Un popolo non ha il potere di cambiare real­mente le sue istituzioni. Può certo, a prezzo di rivoluzioni violente, modificarne il nome, ma non l’essenza. I nomi sono vane etichette di cui uno storico, preoccupato dal valore reale delle cose, non dovrebbe tenere conto. Ecco perché il paese più democratico del mondo è l’Inghil­terra, sottomessa tuttavia ad un regime monar­chico, mentre gli Stati latino-americani, retti da costituzioni repubblicane, subiscono i più pe­santi dispotismi. Il destino dei popoli è deter­minato dal loro carattere e non dai loro gover­ni. Ho tentato di stabilire questa verità in un precedente volume, appoggiandomi su esempi inoppugnabili.
È dunque un compito puerile ed un inutile esercizio retorico quello di perdere il proprio tempo a fabbricare costituzioni. La necessità ed il tempo si incaricano da soli di elaborarle quan­do sono lasciati liberi di agire. Il grande storico Macaulay, in una pagina che tutti gli uomini politici dei paesi latini dovrebbero imparare a memoria, dimostra che gli anglosassoni si sono sempre regolati così.
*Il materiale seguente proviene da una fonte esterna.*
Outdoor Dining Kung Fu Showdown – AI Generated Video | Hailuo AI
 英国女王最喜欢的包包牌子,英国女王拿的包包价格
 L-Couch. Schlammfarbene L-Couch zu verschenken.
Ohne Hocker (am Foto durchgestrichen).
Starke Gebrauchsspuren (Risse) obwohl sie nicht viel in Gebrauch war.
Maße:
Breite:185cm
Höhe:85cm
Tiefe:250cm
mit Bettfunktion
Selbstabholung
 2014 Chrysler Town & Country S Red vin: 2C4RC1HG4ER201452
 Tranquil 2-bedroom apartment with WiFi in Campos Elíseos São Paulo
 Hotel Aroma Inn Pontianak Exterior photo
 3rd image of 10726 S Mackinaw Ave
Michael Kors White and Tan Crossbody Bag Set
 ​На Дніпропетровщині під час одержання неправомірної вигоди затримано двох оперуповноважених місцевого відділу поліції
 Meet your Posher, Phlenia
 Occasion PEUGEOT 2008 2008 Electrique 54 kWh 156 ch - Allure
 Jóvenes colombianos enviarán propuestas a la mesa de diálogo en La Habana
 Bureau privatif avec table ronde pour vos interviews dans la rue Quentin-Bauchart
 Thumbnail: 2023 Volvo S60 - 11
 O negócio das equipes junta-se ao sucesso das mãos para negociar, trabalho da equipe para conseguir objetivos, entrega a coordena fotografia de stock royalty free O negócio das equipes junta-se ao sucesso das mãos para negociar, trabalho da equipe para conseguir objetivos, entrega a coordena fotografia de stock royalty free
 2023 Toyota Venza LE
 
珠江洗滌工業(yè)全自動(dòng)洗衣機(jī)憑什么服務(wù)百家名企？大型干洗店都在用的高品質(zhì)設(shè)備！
Dopo aver spiegato che i benefici delle leggi, dal punto di vista della ra­gion pura, sono un caos di assurdità e di con­traddizioni, il Macaulay paragona dozzine di co­stituzioni, travolte dalle convulsioni dei popoli latini d’Europa e d’America, con la costituzio­ne inglese, e dimostra che quest’ultima è stata modificata lentissimamente, un pezzo alla vol­ta, sotto l’influenza di necessità immediate e mai di ragionamenti speculativi. « Non preoc­cuparsi mai della simmetria e invece preoccu­parsi molto dell’utilità; non eliminare mai una anomalia per il solo fatto che si tratta di un’a­nomalia; non fare mai innovazioni a meno che non si avverta un qualche disagio, ed in tal ca­so innovare appena quanto basta per elimina­re quel disagio; non votare mai una proposta più ampia di quel che richieda il caso partico­lare al quale si vuol porre rimedio; tali sono le regole che dai tempi di re Giovanni fino a quel­li della regina Vittoria, hanno generalmente guidato le deliberazioni dei nostri duecentocinquanta parlamentari. >>.
Non sarebbe magari il caso di approfondire l’argomento e valutare seriamente se la qualità della nostra legislazione potesse guadagnare dei punti ispirandosi al punto di vista del Macaulay?








[1] Gustave le Bon, Psicologia delle folle, Milano III Ristampa Saggistica TEA 2011, TEA – Tascabili degli Editori Associati S.p.A.